* _WHAT IS EXPECTED_: Reproduce, please, only the lines from the first line below to the line containing "Kit Vasco da", inclusive.

(Beginning of SUPPLIED ENTRIES)

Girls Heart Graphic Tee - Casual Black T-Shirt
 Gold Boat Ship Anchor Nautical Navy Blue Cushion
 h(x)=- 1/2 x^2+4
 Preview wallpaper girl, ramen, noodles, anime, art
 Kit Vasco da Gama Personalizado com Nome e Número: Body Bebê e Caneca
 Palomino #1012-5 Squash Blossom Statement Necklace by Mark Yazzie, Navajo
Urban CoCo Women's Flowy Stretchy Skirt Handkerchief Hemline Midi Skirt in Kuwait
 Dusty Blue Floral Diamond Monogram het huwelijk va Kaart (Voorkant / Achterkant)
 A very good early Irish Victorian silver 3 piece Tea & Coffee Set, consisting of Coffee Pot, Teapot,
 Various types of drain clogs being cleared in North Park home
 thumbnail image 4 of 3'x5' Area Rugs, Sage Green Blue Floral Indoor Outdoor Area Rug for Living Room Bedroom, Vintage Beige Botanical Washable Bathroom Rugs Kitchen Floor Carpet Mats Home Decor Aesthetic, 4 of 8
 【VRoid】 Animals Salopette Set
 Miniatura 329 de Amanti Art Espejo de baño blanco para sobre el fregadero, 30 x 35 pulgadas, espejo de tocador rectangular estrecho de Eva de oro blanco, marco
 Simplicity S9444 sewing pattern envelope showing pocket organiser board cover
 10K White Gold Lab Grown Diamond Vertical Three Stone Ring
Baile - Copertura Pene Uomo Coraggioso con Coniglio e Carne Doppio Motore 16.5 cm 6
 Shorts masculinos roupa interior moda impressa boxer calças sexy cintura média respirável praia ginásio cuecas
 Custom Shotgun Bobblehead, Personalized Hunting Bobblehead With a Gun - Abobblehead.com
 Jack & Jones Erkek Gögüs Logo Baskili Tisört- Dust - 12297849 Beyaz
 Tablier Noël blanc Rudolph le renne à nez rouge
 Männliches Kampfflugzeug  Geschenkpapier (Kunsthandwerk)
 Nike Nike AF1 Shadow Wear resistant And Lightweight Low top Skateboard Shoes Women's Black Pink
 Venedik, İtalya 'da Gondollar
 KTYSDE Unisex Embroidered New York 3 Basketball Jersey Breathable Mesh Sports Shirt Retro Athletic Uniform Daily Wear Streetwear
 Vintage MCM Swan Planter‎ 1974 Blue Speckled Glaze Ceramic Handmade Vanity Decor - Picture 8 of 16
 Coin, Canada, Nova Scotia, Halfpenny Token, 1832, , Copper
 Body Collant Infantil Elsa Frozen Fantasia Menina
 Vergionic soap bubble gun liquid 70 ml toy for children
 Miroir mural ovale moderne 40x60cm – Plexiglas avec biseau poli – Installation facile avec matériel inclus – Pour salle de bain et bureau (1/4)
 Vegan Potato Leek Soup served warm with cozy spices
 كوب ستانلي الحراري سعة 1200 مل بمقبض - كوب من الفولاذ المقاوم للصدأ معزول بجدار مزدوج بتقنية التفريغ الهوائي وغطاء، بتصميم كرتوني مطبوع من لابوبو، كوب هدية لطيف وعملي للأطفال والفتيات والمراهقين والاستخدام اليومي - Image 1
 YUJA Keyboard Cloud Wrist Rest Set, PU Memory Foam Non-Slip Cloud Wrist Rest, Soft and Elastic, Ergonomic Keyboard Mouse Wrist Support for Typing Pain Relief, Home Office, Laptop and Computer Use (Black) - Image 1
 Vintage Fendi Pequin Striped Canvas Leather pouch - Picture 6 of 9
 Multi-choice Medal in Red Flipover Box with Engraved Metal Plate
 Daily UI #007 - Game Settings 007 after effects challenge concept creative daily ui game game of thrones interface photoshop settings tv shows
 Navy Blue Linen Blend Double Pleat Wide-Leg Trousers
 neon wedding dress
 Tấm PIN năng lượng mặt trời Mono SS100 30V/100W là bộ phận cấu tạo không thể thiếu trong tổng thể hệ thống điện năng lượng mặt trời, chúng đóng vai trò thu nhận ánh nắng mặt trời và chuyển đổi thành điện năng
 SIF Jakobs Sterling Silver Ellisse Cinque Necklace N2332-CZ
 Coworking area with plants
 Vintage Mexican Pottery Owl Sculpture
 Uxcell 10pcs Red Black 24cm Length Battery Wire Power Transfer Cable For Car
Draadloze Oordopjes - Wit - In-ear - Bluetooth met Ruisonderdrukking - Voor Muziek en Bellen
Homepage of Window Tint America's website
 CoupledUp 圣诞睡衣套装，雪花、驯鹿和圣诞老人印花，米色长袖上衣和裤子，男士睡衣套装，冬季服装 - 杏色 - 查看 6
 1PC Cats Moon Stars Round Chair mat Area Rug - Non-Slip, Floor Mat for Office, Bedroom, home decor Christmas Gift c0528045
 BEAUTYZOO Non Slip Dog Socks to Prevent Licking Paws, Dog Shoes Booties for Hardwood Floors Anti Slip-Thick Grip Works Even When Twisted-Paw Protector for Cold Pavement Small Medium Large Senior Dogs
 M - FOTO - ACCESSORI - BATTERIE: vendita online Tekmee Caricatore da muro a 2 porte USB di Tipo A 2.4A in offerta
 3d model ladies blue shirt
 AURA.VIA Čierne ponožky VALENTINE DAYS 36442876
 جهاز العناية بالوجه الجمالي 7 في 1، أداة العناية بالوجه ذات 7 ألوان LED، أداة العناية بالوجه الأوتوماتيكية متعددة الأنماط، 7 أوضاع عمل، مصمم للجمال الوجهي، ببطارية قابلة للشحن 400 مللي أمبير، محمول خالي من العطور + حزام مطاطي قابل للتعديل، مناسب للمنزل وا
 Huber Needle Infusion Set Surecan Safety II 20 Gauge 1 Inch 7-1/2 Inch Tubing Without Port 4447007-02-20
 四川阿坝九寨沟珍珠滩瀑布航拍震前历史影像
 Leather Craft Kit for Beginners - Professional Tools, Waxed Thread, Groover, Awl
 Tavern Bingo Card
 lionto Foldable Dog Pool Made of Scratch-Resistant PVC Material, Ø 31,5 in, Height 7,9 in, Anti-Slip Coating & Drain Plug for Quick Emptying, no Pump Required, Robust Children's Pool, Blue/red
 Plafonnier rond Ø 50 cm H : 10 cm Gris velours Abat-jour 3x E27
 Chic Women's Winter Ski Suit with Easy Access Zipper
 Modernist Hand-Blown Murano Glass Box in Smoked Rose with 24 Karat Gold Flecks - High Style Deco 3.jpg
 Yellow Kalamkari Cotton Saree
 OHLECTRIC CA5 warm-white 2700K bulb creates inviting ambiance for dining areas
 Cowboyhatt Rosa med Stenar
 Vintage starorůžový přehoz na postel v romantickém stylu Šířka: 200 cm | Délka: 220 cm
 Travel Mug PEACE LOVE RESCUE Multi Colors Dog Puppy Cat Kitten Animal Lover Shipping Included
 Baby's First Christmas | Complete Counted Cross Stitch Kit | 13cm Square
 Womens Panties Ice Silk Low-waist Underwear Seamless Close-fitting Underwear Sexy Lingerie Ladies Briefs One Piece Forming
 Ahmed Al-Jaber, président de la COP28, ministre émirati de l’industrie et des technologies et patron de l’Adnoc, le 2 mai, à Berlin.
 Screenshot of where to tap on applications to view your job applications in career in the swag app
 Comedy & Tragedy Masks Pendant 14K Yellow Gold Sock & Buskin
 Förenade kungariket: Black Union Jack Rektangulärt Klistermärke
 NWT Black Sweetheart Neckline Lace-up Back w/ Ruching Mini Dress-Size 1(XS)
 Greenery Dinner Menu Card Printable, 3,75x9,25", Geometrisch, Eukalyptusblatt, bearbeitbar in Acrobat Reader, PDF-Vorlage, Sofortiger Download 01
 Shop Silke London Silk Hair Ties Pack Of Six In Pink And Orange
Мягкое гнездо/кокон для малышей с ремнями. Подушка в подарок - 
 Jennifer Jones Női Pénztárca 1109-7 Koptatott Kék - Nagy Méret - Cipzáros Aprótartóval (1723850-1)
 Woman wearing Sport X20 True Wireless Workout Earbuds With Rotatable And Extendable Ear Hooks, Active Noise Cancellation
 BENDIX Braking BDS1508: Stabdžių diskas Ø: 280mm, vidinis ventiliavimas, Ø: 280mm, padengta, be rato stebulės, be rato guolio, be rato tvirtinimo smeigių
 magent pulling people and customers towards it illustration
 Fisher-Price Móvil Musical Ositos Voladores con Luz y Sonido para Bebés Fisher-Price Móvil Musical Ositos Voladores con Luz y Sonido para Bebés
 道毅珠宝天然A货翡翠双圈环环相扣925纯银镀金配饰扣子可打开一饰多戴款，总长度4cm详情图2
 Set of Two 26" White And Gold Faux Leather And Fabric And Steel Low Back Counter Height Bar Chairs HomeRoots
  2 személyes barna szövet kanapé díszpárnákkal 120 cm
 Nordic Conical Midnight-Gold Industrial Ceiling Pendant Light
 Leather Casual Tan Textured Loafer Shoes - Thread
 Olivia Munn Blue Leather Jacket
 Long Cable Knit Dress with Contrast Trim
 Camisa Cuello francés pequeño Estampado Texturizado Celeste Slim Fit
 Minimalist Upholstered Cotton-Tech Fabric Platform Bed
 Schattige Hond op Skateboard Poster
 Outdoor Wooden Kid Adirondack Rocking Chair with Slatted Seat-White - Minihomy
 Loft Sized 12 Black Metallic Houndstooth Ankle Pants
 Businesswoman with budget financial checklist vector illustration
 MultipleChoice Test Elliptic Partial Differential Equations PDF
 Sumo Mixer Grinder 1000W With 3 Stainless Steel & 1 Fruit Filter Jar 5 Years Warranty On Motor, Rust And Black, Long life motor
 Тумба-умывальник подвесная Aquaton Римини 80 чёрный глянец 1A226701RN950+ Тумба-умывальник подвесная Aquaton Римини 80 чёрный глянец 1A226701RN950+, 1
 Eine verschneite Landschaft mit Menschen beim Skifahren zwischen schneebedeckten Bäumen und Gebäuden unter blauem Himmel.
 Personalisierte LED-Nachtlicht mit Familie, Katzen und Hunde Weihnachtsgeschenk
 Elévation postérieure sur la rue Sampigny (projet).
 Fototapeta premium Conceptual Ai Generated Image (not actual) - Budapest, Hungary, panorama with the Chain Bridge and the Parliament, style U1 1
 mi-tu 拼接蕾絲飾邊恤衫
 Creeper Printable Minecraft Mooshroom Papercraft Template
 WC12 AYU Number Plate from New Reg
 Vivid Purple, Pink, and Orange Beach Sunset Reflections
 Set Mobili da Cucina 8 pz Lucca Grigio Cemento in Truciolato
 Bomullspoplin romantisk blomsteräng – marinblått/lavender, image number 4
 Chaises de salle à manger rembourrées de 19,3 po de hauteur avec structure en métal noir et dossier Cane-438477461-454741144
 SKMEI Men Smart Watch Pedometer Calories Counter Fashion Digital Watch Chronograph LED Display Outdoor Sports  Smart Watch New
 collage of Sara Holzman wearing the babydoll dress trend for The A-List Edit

(End of SUPPLIED ENTRIES)

* _RESULT OF THE TASK_:
Girls Heart Graphic Tee - Casual Black T-Shirt
 Gold Boat Ship Anchor Nautical Navy Blue Cushion
 h(x)=- 1/2 x^2+4
 Preview wallpaper girl, ramen, noodles, anime, art
 Kit Vasco da Gama Personalizado com Nome e Número: Body Bebê e Caneca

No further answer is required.